Every line below between the one holding "Top 10 Movers in Cleveland, OH 2020 award" and the one holding "Stainless Steel Fake Lip Ring", inclusive, should be copied exactly, and no other line.
━━ MATERIALS PROVIDED
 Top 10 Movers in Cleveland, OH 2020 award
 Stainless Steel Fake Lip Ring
━━━━
━━ MATERIALS PROVIDED
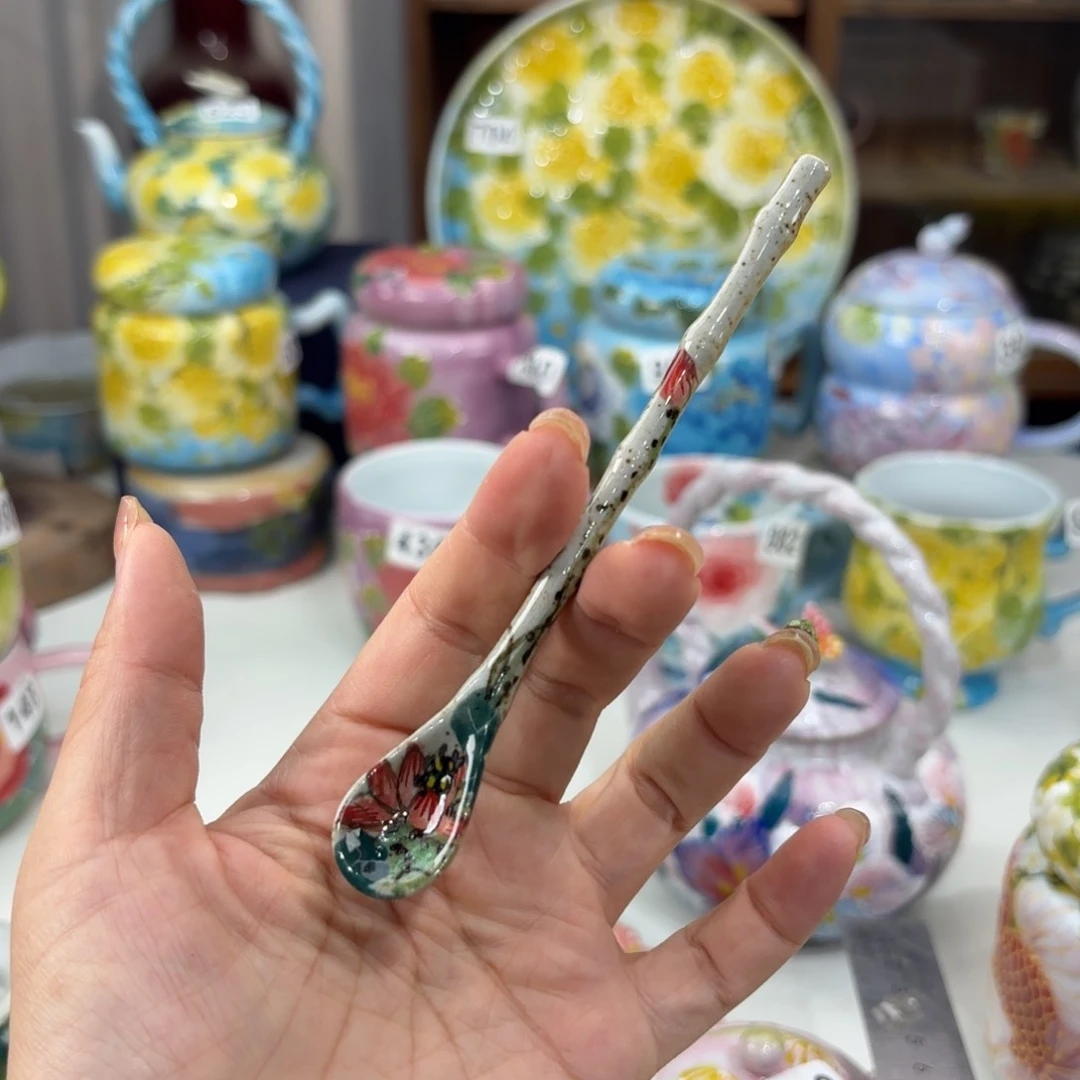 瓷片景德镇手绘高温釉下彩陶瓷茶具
━━━━
SOLUTION FOR THIS PROBLEM
 Top 10 Movers in Cleveland, OH 2020 award
 Stainless Steel Fake Lip Ring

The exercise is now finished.